/---

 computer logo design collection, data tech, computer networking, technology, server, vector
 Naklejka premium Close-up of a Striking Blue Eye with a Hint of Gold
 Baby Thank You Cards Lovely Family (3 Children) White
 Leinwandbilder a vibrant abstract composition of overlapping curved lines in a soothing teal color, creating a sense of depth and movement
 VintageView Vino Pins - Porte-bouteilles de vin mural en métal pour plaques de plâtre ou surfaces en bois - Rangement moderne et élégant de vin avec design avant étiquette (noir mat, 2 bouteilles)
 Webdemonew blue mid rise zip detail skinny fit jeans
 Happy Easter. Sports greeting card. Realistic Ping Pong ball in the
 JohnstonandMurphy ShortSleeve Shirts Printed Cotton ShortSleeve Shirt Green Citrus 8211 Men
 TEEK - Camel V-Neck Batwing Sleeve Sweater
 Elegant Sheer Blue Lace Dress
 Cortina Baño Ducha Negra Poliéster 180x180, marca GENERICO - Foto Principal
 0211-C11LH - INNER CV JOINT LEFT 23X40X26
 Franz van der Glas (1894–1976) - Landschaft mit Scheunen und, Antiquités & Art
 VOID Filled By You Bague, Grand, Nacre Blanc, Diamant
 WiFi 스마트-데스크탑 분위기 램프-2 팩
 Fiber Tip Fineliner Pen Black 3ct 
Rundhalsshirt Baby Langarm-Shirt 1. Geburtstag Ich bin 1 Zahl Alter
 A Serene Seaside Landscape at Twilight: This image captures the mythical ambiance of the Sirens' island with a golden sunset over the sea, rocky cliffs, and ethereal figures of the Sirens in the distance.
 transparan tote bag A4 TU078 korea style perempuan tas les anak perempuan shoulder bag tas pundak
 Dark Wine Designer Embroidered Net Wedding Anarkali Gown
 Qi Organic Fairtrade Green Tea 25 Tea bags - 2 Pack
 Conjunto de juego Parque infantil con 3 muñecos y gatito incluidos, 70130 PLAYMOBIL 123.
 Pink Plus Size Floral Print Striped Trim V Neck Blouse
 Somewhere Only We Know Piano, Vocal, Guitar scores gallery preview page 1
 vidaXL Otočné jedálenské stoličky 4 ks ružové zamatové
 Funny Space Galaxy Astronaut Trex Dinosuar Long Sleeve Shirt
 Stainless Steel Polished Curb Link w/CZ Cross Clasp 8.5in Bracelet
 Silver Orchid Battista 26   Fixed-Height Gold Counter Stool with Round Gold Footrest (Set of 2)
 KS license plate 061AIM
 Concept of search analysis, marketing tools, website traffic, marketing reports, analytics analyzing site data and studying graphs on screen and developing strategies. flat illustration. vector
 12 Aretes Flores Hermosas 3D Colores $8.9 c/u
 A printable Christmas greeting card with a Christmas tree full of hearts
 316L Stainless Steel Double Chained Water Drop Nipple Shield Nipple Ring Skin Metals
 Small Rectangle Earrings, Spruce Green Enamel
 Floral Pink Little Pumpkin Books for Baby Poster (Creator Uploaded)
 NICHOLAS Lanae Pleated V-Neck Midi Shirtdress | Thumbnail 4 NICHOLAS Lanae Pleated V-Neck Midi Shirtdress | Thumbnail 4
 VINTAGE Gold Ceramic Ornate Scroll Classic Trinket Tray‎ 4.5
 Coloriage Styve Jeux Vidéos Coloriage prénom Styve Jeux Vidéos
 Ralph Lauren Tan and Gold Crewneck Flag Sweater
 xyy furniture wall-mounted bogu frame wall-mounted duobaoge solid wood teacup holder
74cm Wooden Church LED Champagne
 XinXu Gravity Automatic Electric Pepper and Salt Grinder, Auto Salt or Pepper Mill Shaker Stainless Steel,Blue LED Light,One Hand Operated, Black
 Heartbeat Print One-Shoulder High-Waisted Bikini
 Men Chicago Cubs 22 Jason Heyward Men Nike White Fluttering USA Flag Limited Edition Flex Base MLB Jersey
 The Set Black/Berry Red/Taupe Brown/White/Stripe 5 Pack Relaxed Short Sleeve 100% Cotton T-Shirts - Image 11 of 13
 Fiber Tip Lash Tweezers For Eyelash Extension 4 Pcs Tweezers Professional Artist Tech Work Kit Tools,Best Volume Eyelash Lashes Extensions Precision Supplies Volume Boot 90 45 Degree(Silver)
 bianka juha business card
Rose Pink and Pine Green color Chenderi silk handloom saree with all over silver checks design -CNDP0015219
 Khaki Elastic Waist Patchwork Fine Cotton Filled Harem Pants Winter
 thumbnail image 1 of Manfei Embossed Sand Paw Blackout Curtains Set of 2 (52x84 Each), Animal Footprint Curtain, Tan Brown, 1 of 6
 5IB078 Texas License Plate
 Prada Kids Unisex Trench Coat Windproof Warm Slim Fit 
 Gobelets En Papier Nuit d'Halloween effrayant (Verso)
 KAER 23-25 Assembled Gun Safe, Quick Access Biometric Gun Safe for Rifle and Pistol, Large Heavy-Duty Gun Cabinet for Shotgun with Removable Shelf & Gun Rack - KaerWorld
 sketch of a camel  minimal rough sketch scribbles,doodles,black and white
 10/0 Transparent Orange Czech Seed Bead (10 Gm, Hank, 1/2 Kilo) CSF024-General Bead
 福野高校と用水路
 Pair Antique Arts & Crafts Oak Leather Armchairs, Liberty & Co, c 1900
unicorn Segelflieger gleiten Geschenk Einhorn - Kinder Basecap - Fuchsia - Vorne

\---

_TO DO_
In the listing above, the lines from the one containing "Webdemonew blue mid" through the one containing "Franz van der" must be set down exactly, with no other lines.

_SOLUTION BELOW_
 Webdemonew blue mid rise zip detail skinny fit jeans
 Happy Easter. Sports greeting card. Realistic Ping Pong ball in the
 JohnstonandMurphy ShortSleeve Shirts Printed Cotton ShortSleeve Shirt Green Citrus 8211 Men
 TEEK - Camel V-Neck Batwing Sleeve Sweater
 Elegant Sheer Blue Lace Dress
 Cortina Baño Ducha Negra Poliéster 180x180, marca GENERICO - Foto Principal
 0211-C11LH - INNER CV JOINT LEFT 23X40X26
 Franz van der Glas (1894–1976) - Landschaft mit Scheunen und, Antiquités & Art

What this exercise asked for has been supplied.